Blackwater Pay Insults the Military

October 04, 2007 10:33 AM ET | Bonnie Erbe | Permanent Link | Print

Among the more amazing things to emerge from the House government oversight committee hearing on private security contracting in Iraq was the amount of money paid to Blackwater USA private forces. A memo released at the hearing  shows that some of the paid militia were making as much as $1,200 per day. Compare that with what the Washington Post reports American servicepersons make risking their lives for this nation:

An unmarried sergeant given Iraq pay and relief from U.S. taxes makes about $83 to $85 a day, given time in service. A married sergeant with children makes about double that, $170 a day. Army Gen. David H. Petraeus, the top U.S. commander in Baghdad overseeing more than 160,000 U.S. troops, makes roughly $180,000 a year, or about $493 a day. That comes out to less than half the fee charged by Blackwater for its senior manager of a 34-man security team.

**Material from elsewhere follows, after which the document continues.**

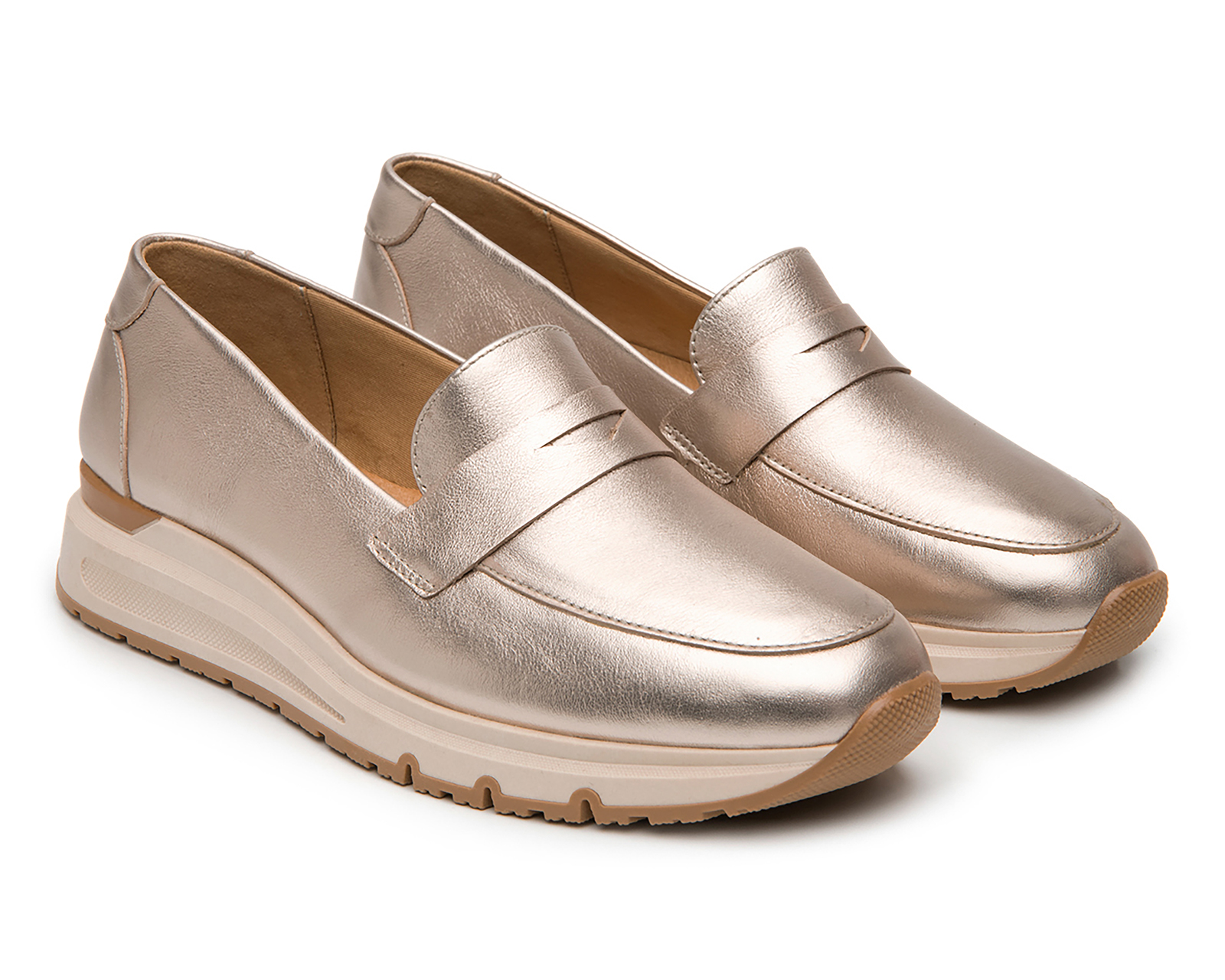 Foto 2 pulgar | Foto 1 | Zapatos Confort Flexi Mildred de Piel para Mujer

Twelve hundred dollars per day comes out to $6,000 per week, or almost $300,000 per year. How in the world can that be justified by a supposedly promilitary president? I recently had dinner with a friend who works for the Veterans Affairs Department. This person told me that a 45-year-old relative who is on active duty in the Army is being sent back for a third tour in Iraq. This relative has retired military friends in their 50s who've been asked to return to service. As this person put it, the Pentagon is "digging very, very deep" to find Americans willing to serve in Iraq.

Meanwhile, Blackwater seems to have no trouble recruiting young men. It seems to me an insult to everyone on active duty that the Bush administration can let profiteers earn these huge sums while troops' families use food stamps back home. What is wrong with this picture?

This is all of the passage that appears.